Specifically, let’s say we have a polygon or site with a population (polyPop or popServ). We have been recording data for this site since 2016, and using census data for the population field for 4 years. Then in 2020 we get new census data, so we update the population fields. The lastUpdated field is also changed. However, now when we look back at averages of other measures that are calculated based on a given population - or if we go back and try to calculate them - the population value in the data is no longer correct for any measures from 2016 to 2020. So how do we go about keeping track and conserving this information?

Below is list of suggestions to possibly address this:

  1. One option is to use parent sites (similar to what was suggested in this other post) with a sort of umbrella site for the site writ-large, and child sites for given years or periods of population information. This is, again, a bit of an abuse or misuse of the parent-child structure, and may confuse users. This also feels like a bit of a bandaid solution and not a sustainable one long-term.

  2. Versioning – we could add a “version” field to the sites and polygons tables in order to keep an archive of previous entries after updates. We could add a similar field to the measures table as well to say which version the measure was referencing at the time of recording. This seems like it could get messy quite quickly though, particularly with the likely need for multiple version citations in the measure table.

  3. Semantic ID naming could be another option, where as a sort of combination of option 1 and 2, the siteID and polygonID are named with a reference year. For example site A for the 2016-2020 period is siteA2016 and in 2020 a new site is made called siteA2020. There are parsable based on the first part. This is a bit disorganized and unintuitive, however.

  4. The last option - and maybe the strongest, in my opinion - is to remove polyPop and popServ from the sites and polygons tables. Instead, these could be recorded as site measures (we could also add a polygon specimen for polygon measures), just like any other site measures. To compliment this we could also add a “valid to” and “valid from” header to the measures table (or a “valid period”).

If you have a preference or feedback on any of these numbered points, please respond below. Or if you have another idea you’d like to add to this list for consideration, please also explain in the replies.

Thank you!

@dmanuel @jeandavidt @Sorin

I think the 4th option is the best (cleanest, more consistent) one.

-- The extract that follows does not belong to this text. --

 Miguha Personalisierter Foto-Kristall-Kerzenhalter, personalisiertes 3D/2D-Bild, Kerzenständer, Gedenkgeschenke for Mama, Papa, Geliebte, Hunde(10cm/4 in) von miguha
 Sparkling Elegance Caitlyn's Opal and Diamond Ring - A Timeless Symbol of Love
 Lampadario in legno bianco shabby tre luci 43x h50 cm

Originally, polyPop and popServed were put in those tables as attributes for convenience, as these quantities were considered “slow moving”. But indeed, as surveillance programs get older, we’ll need to start updating those fields. And since population is involved in calculations, it may not be the best move to overwrite it. Storing it as a measurement makes sense.

If we choose to do “validity period”, I suggest we break it up into a start date and an end date instead of lumping them together.

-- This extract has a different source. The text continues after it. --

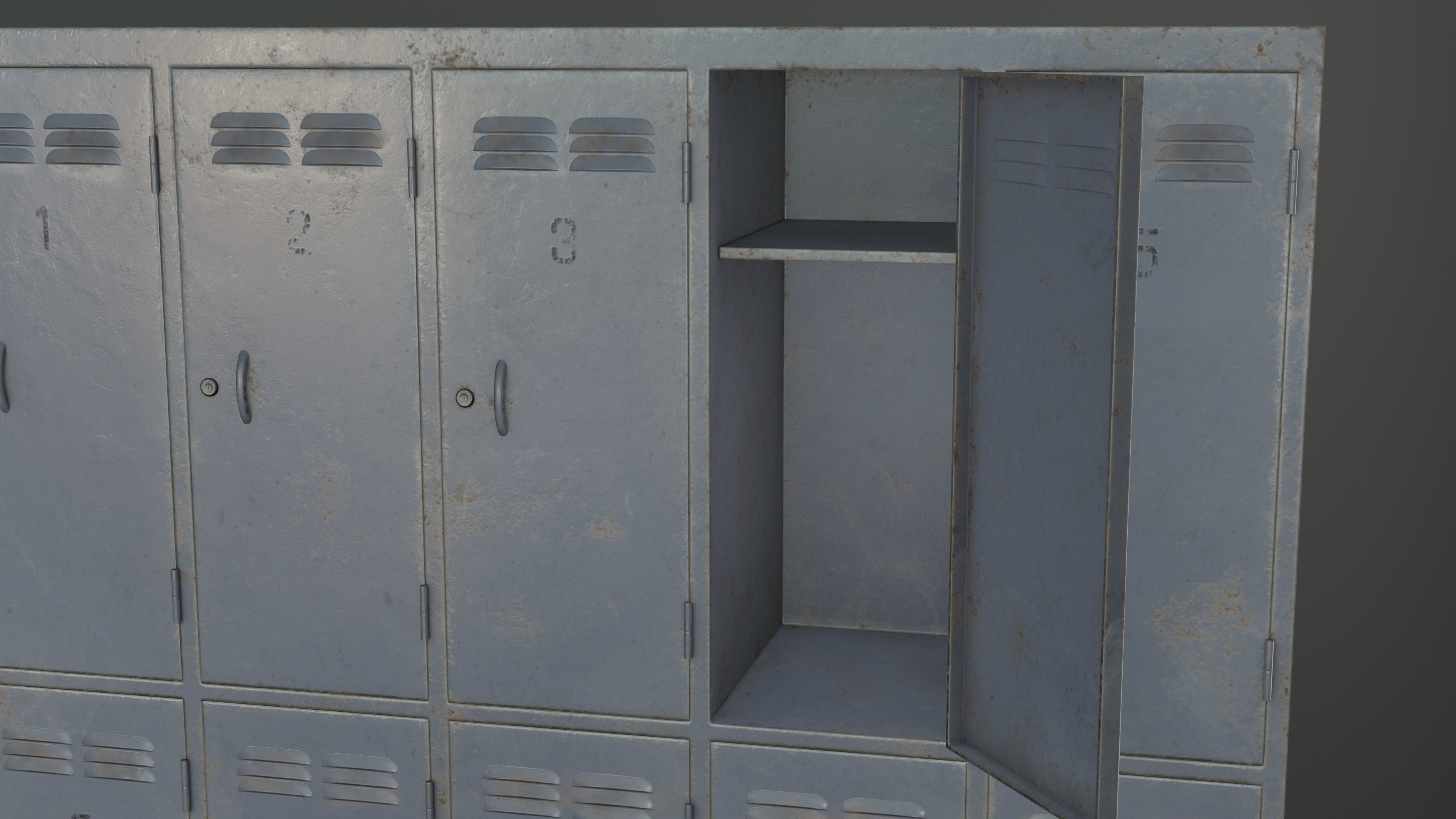 Storage Lockers Low-poly 3D model_3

But it’s worth considering whether that’s actually needed – wouldn’t a new polyPop measurement at time x already imply that measures taken before x are no longer valid? I get that having it makes the model more comprehensive, but maybe a little harder to use as well? For example, what if you have a measurement that you know will eventually become invalid, but you don’t know when – what should you do then? Leave the end of the validity period blank? And then when you do find out that the value is no longer valid, do you need to go back to the original measure and update it?

Looking forward to hear other people’s opinions!

I’m glad to hear support for my preferred option! I agree with your point too, @jeandavidt, that it is handy to have there, but no ideal as surveillance systems age. I wonder too if we could keep the polyPop and popServed fields but instead of reporting a number it just references the measureRepID for the current population measure? This may be pointless/add needless confusion, but sharing for brainstorming purposes.

I agree too that breaking up the period into two fields is probably smarter, and is definitely more in line with a best-practices for ontologies approach. I had the same thought too about an “implied” end of validity date when a new measure for population is added. I think it’s true that we could make do with that kind of simpler - and save the effort of going back to update the old field. Maybe we could say that “valid start date” is mandatory and “valid end date” is optional? Opens up the potential for some ambiguity around validity, potentially, but we can’t make a model that’s totally iron-clad against abuse, I suppose… Curious to hear others’ thoughts as well!

Late to post this update, but in the last meeting of the regular working group, it was discussed and the group landed on moving the “population” measures (like polyPop and popServ) to the measures table for version 2.3 (the next version).

To support this, polyPop and popServ will be removed from the Polygons and Sites tables and changed to being measurements. There will also be a new specimen added - polygon specimen poSpecimen - to differentiate between site- and polygon-level measures.

Lastly, we discussed a validity date (or valid-to and -from date), but there were concerns around the semantics around “validity” as a term. We pivoted instead to the term “relevance”. A relevant-from date and relevant-to date will be added to the measures table to respond to this need, and will be mandatory-if type fields, as they only apply to measures that apply over a period of time. These fields are irrelevant to point measures.

These changes will be made to the new v2.3 draft of the ERD on Lucid Chart and the working draft of the parts list, and will become live in the version 2.3 release.

This topic was automatically closed 24 hours after the last reply. New replies are no longer allowed.